Roughly 10 links from about 4 unique domains, based on Surfer SEO’s analysis of 36 million AI Overviews from March to August 2025. The number scales with answer length: short AIOs cite about 5 sources, while long AIOs cite up to 28.
Does original research actually improve AI citation rates?
Yes, measurably. The Princeton GEO study published at KDD 2024 found that adding original statistics lifted citation visibility by 41% in position-adjusted word count, and adding quotations lifted it by 28%. Combined optimization produced up to 40% overall lift.
Is traditional SEO still relevant in the AI search era?
Yes. Ahrefs’ March 2026 analysis of 4 million AI Overview citations found that 38% of cited pages rank in Google’s top-10 for the original query, down from 76% in their July 2025 study. The remaining citations come increasingly from pages that rank for the sub-queries AI Overviews fan out to. Either way, conventional SEO is the floor that AI search visibility builds on. Sites that cannot rank for the head term or its fan-out variants do not get cited in AI Overviews at scale.
How does Reddit factor into AI search visibility?
Reddit overtook Wikipedia as the #1 AI citation source across most engines in 2025. Reddit citations in AI Overviews grew 450% between March and June 2025, and Perplexity cites Reddit roughly 24% of the time. Brands that want to be cited in AI search increasingly need a Reddit, YouTube, or LinkedIn presence in addition to owned content.
Where does information gain fit inside the MERIT Framework?
Information Gain Density flows through all five pillars of the MERIT Framework: Mentions, Evidence, Relevance, Inclusion, and Transformation. Evidence is where you author IGD most directly (quotes, statistics, proprietary research). Mentions delivers it through third-party content you didn’t author (reviews, earned media, Reddit, YouTube). Relevance elevates it through structural change (HTML passage hierarchy shifts the embedding). Inclusion makes it discoverable (without crawlability and indexation, IGD is invisible to AI engines). Transformation measures and compounds it over time. Treating IGD as Evidence-only misses where most of it originates and accumulates.
The Bottom Line
Information gain matters in 2026, but most articles describe it incorrectly and none of them tell you how much you actually need or how to measure it. The corrected framework has three operational pieces: Information Gain Density (count distinct original insights, target 5 to 7), the Information Gain Score (1 minus max cosine similarity to the top-ranking competitors, target above 0.5), and the highest-leverage move (a direct subject matter expert quote, which has produced an average 400% lift across Searchbloom’s partner-clients).

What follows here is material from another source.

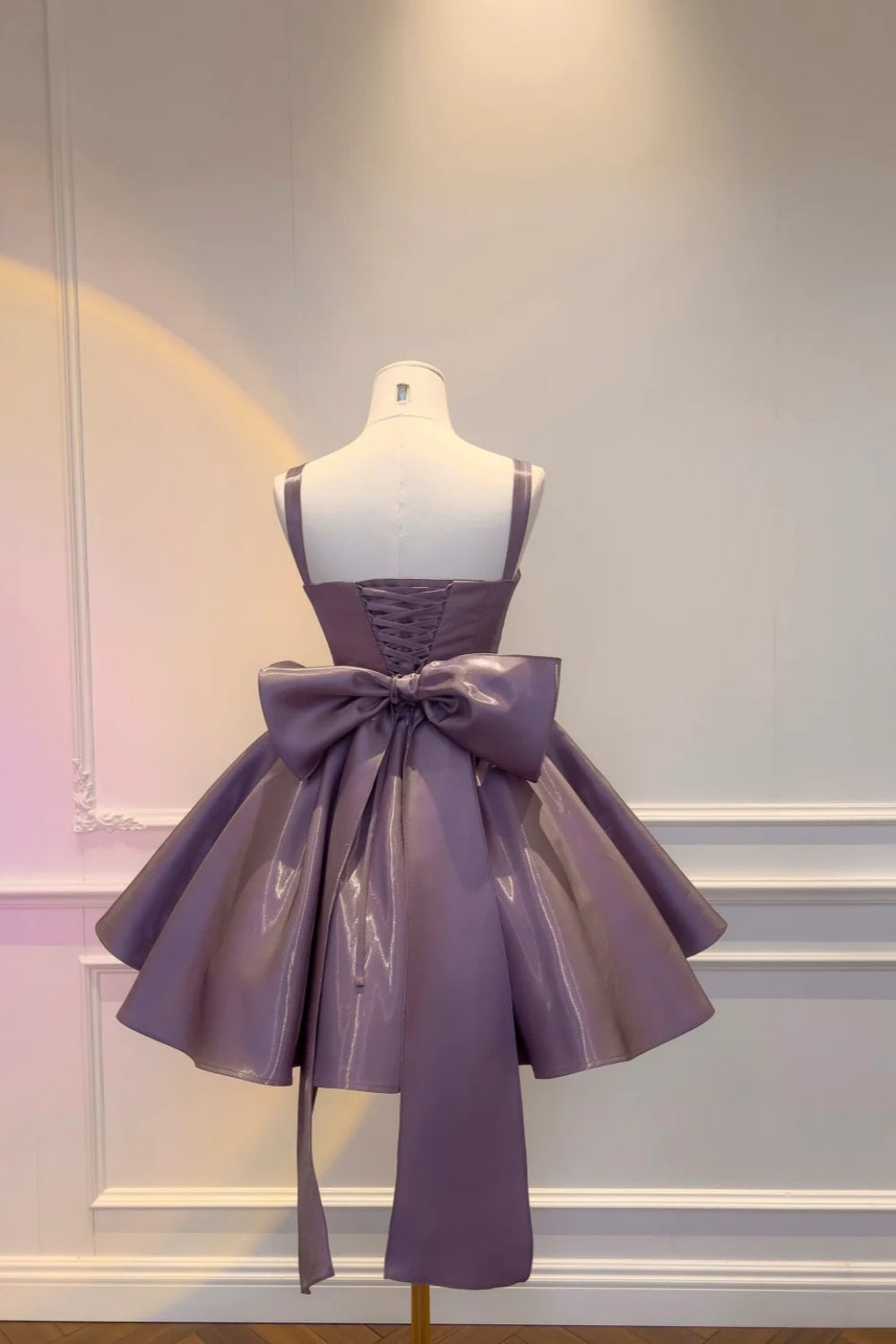 Glitzerndes lila Puffrock-Kurzes Geburtstagskleid/Abendkleid gh6795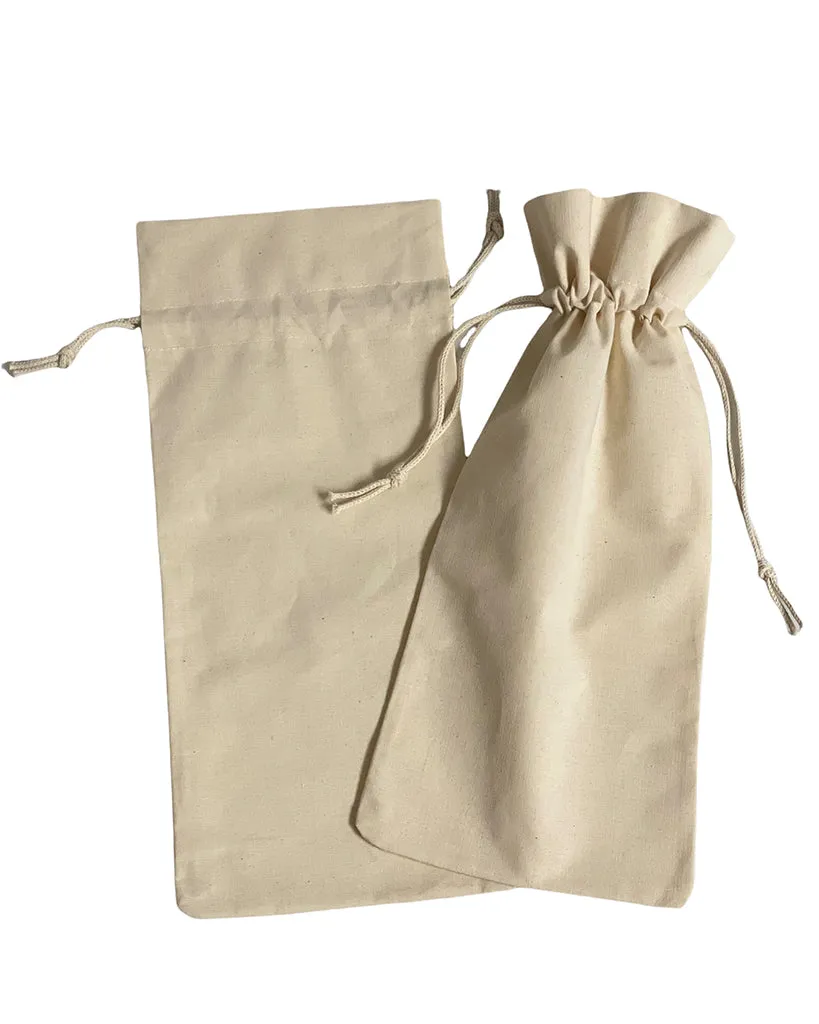 600 ct Cotton-Jute Natural Wine Bags with Drawstrings Closure - Single Bottle - By Case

All three operate inside the MERIT Framework, which addresses Information Gain Density across all five pillars (Mentions, Evidence, Relevance, Inclusion, Transformation). Evidence is where you author it most directly, the others are where it originates, multiplies, manifests, and compounds. If you are evaluating agencies specifically for AI search readiness, our breakdown of the best AI SEO agencies walks through what to look for. If you want to know whether your priority pages clear the IGS threshold for the queries you are targeting, that is the work we do every day.
Information gain is one of six components of Corpus Engineering, the systems-level discipline for AI visibility. The other five are corpus accessibility, semantic structure, corpus expansion, retrieval optimization, and corpus maintenance.